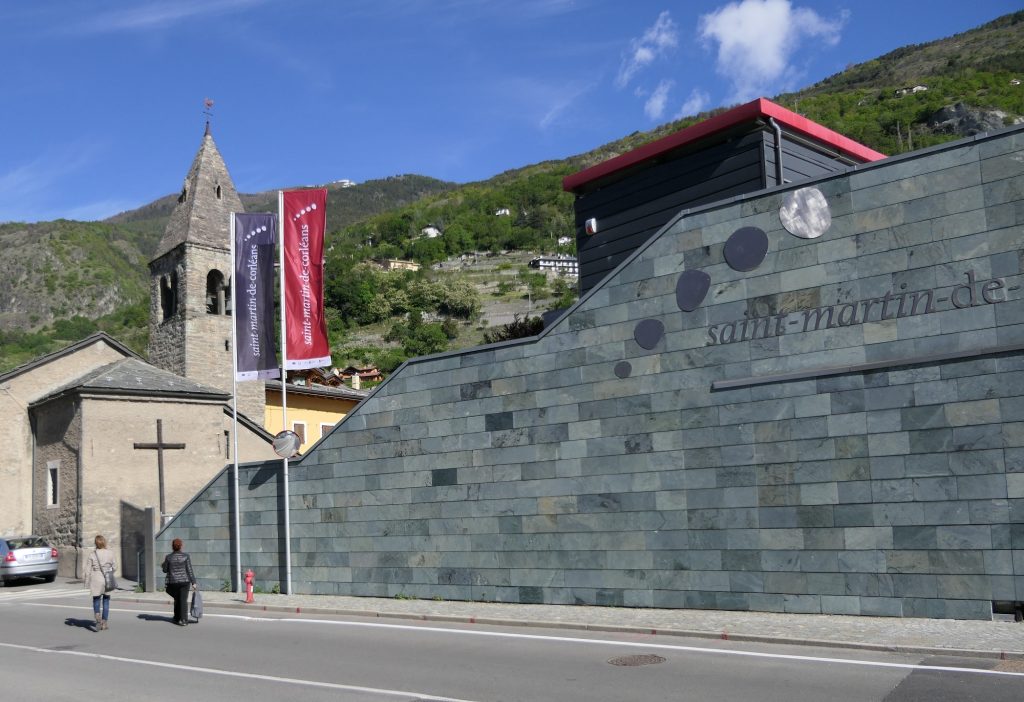 Aosta, megalithic area and medieval church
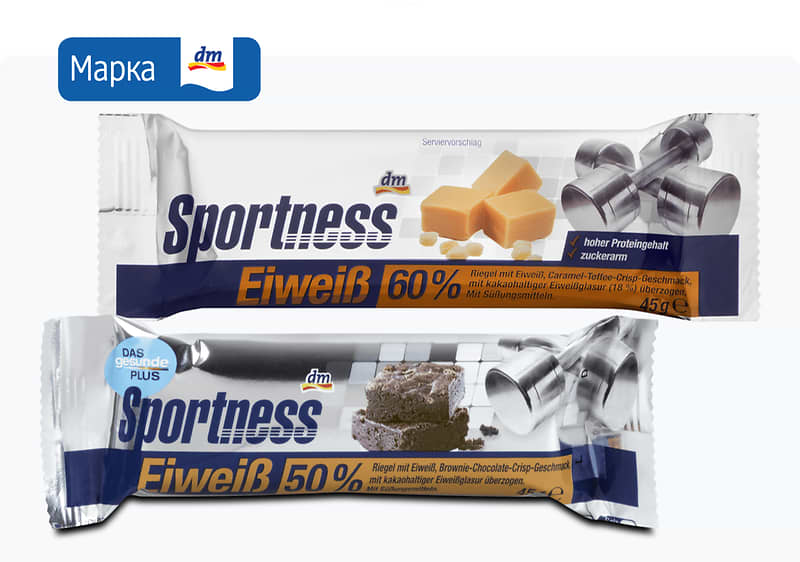 Sportness протеински штанглици, 45 г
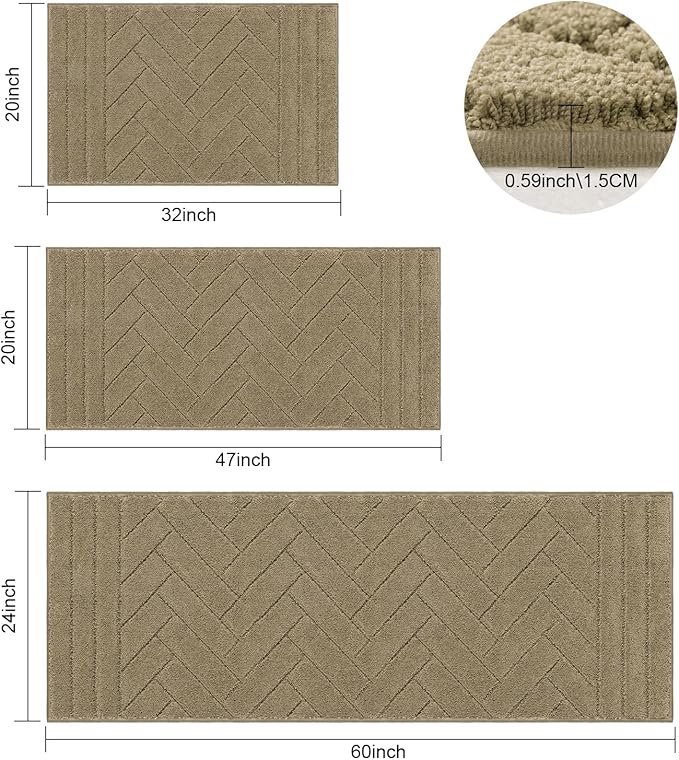 Tindbea Dog Mat for Muddy Paws,Absorbs Moisture Dirt Non-Slip Washable Mud Mat for Dogs,Soft Rubber Backing Front Inside Pet Rug for Entryway, Mud Dog Paws, Patio(20"x31.5",Light Taupe)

——

Please repeat, exactly as written, only the lines from the line with "Sportness протеински штанглици, 45 г" to the end of the data, leaving out every picture.

#### The completed task:
 Sportness протеински штанглици, 45 г
 Tindbea Dog Mat for Muddy Paws,Absorbs Moisture Dirt Non-Slip Washable Mud Mat for Dogs,Soft Rubber Backing Front Inside Pet Rug for Entryway, Mud Dog Paws, Patio(20"x31.5",Light Taupe)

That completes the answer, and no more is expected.